Chef owner Scott Dolich reveals a Park Kitchen classic and the creative process that brought it to light

EDIBLE PORTLAND/Matt Mornick

Park Kitchen, along the Pearl District’s historic tree-lined green belt, is a landmark destination for its seasonal American cuisine. For chef owner Scott Dolich and his team, it is a finely-tuned culinary workshop. Scott walked me through Park Kitchen’s rigorous R&D process and how it yielded a local favorite menu item 13 years and counting: chickpea fries and seasonal ketchup.

“In late 2003, right after Park Kitchen opened, I was working in the kitchen full time, serving breakfast, lunch, and dinner,” explains Scott. “It was hectic. There was no real organization to the restaurant. Me and a handful of people were working really hard, nonstop. After about a year, my wife and I took our first vacation through Europe. In Spain, we came across a dish called socca – a loose batter poured into a wood-fired hot pan. Basically a chickpea flour crepe. It blisters and puffs out and goes well with a variety of foods. It was delicious.”

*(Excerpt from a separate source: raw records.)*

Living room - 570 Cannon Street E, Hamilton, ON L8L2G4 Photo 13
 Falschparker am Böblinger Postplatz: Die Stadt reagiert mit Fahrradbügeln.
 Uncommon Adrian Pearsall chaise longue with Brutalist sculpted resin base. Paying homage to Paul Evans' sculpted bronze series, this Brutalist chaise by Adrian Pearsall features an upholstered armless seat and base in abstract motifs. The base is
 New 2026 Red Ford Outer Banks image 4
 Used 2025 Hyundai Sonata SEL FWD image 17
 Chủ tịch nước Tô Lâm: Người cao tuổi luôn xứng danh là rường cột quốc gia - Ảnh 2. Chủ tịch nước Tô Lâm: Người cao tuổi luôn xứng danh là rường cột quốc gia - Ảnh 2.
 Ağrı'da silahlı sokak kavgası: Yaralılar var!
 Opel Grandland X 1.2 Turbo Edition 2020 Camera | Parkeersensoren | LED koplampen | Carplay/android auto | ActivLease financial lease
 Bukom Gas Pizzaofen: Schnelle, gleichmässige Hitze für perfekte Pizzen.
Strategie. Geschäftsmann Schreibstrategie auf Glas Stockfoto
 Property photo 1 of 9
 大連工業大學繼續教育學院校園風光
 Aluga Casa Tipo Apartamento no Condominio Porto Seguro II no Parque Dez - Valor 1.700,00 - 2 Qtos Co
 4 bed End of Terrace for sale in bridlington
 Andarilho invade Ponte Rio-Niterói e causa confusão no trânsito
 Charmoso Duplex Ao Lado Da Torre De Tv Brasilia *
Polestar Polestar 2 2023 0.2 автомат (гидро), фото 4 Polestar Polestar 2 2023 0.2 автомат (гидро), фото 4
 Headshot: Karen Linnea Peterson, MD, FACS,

Upon his return, Scott tried his hand with the chickpea crepe. Immediately, things went wrong. “We stayed late one night and made the batter. Once we put it in the dish, it was evident we screwed it up. It was too thick and lumpy. We put it in the pan and it immediately scorched. I was tired and set it aside in the refrigerator to clean up later. The next night when I removed the batter from the sheet tray, it held its shape, which was unexpected. I removed the scorched portion, cut little strips, and put them in the deep fryer out of curiosity. They puffed up into french fries. The taste was intriguing. So I prepared the remaining batter and served it for the staff meal with some pickles and leftover cuts of meat. Our team was into them.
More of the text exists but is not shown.